Senators and deputies vote in the second round election this weekend for a new president. The charismatic leader of the indigenous coca growers, Evo Morales, believes that he needs just five more votes to beat the rightwinger who led the first round, Gonzalo Sanchez de Lozada
Bowler-hatted women in multi-layered skirts with babies slung on their backs are what tourists expect to see in the streets of La Paz, the Bolivian capital, which lies surrounded by the snowcapped Andes, 4,270 metres (14,000ft) above sea level.
But this week, together with men in ponchos and woollen hats, some of the women walked into congress, not as street sellers but to take their seats in Bolivia's newly elected parliament.

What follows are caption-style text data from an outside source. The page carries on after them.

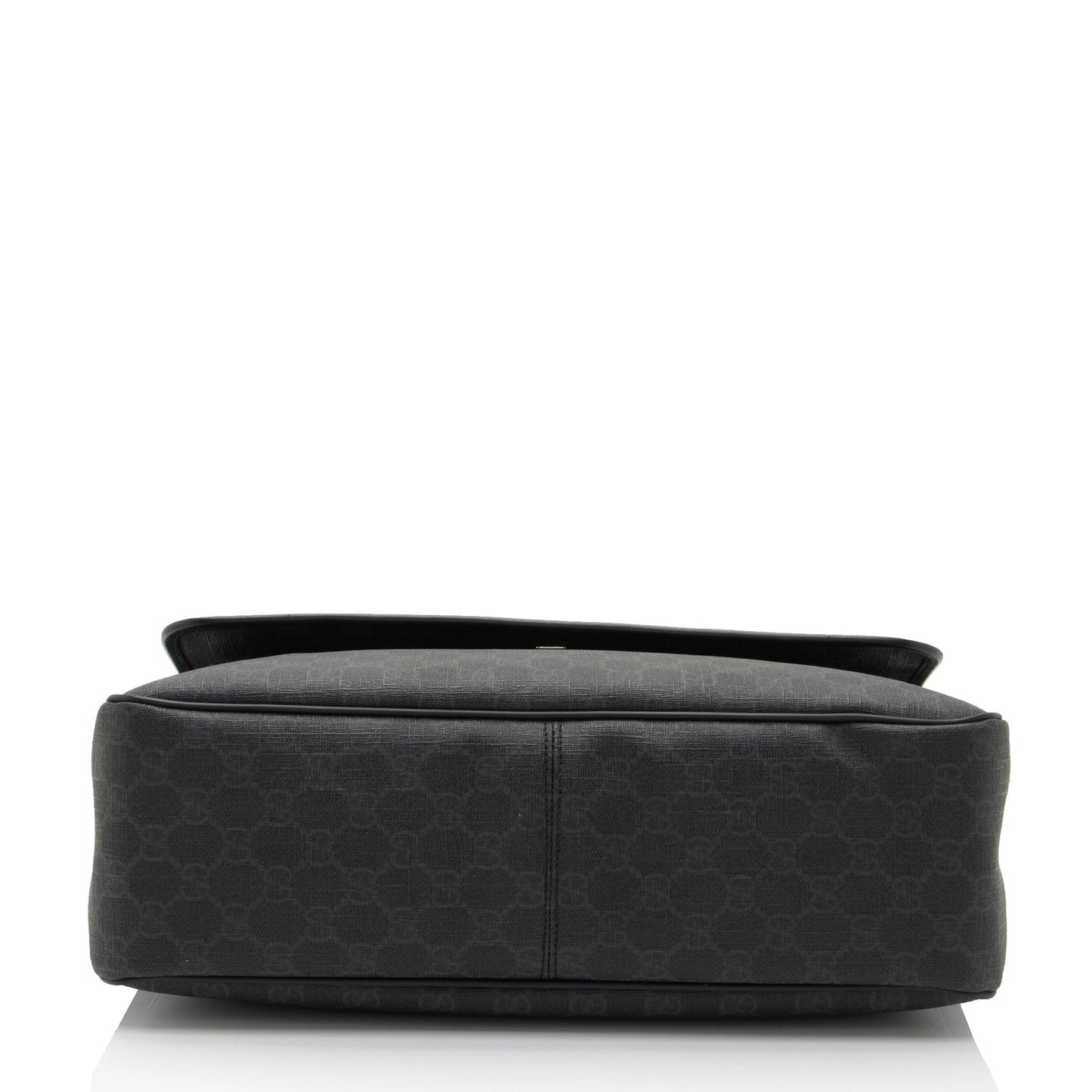 Gucci Nylon Leather Canvas Shoulder Bag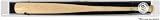 Mounted Memories San Diego Padres Backwards Single Baseball Bat Display Case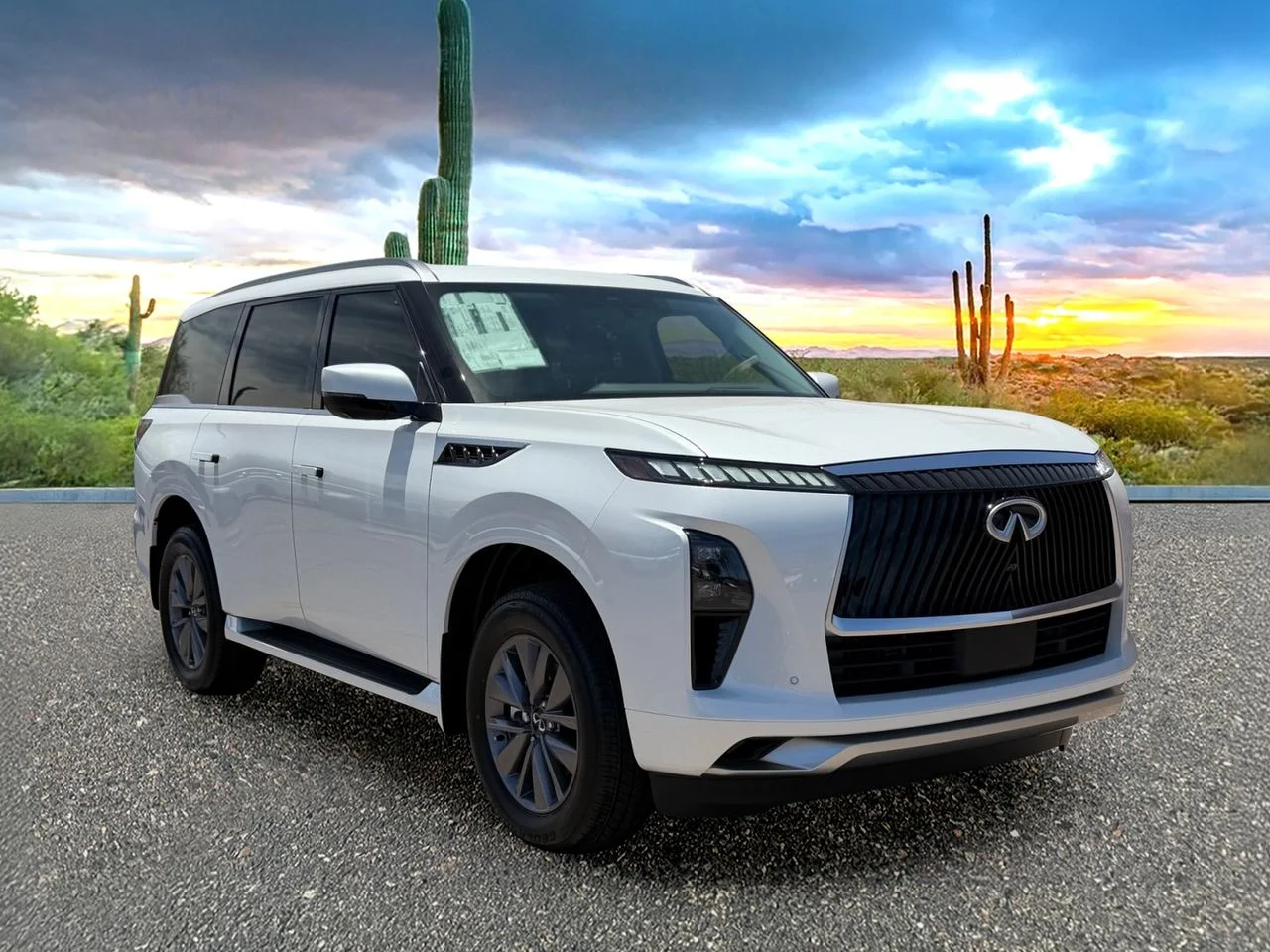 New 2027 RADIANT WHITE INFINITI Pure 4WD image 1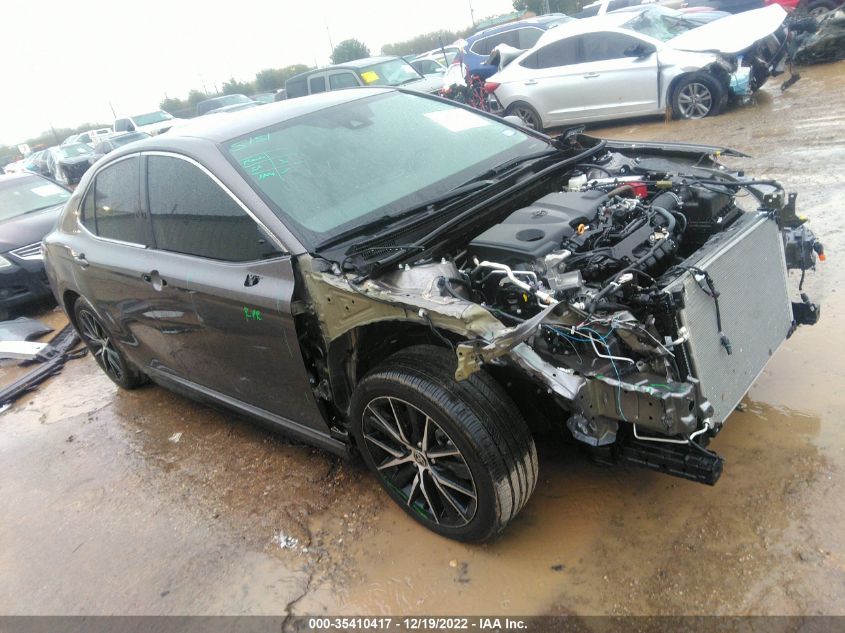 2022 TOYOTA CAMRY SE VIN: 4T1G11AK9NU702685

Only a third of the previous representatives were re-elected and more than 50 of the 157 seats in the chambers of senators and deputies have gone to what are known as "original inhabitants", representing trade unions and peasant and indigenous groups.
Facilities for simultaneous translation into Bolivia's three main indigenous languages - Aymara, Quechua and Guarani - are being hurriedly installed.
"It's a sort of peaceful, democratic, Zapatista revolution," the economist Humberto Vacaflor said.
For three centuries taxes imposed on native Bolivians were the main source of revenue for the Spanish conquerors, and the terrible conditions in the Europeans' silver mines of Potosi took millions of lives.
The descendants of these original inhabitants account for almost 60% of Bolivia's population of 8m, but they have never had a proportionate representation in parliament or government.
Most of the new representatives in congress belong to MAS (the Movement Towards Socialism), founded five years ago by the charismatic coca growers' leader Evo Morales.
A hawk-nosed Aymara who favours a blue windcheater rather than traditional dress, Mr Morales, 42, upset the pollsters by coming second in the first round of the presidential election on June 30.
Today the congress must choose between him and the US-educated Gonzalo Sanchez de Lozada, of the right-of-centre MNR (National Revolutionary Movement).
The success of MAS is attributed to widespread discontent with the last government.
Although Bolivia has huge resources of gas, oil and other minerals, it is the poorest country in South America, with few industries and thousands of rural communities living at subsistence level.
Recent freak snowstorms killed more than 70,000 llamas in one of the poorest areas near Potosi, leaving many indigenous communities on the verge of starvation.
Mr Sanchez de Lozada was president in the mid-1990s, when the 50,000 miners of the once powerful state mining business were reduced to 5,000. For many unemployed miners the only work available was in the coca fields.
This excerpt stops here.